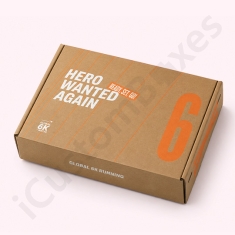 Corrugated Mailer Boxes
==
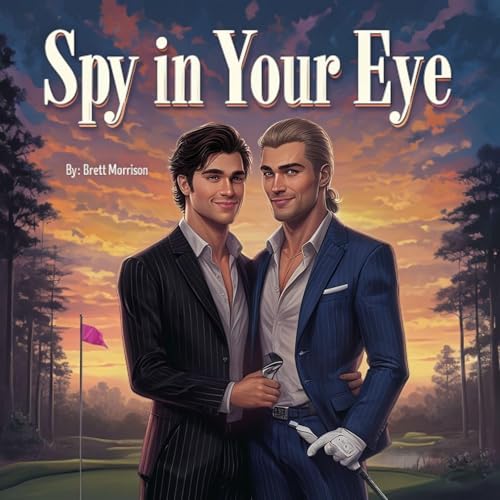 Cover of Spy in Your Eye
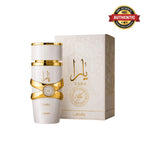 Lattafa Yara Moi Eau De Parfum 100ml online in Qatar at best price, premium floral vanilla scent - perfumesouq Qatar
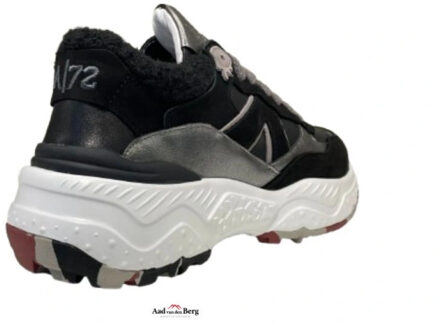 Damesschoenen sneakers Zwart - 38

WORK REQUIRED: Copy nothing but the lines above that run from the one with "Lattafa Yara Moi" to the one with "Damesschoenen sneakers Zwart - 38", ends included; pictures stay out.

TASK RESPONSE:
 Lattafa Yara Moi Eau De Parfum 100ml online in Qatar at best price, premium floral vanilla scent - perfumesouq Qatar
 Damesschoenen sneakers Zwart - 38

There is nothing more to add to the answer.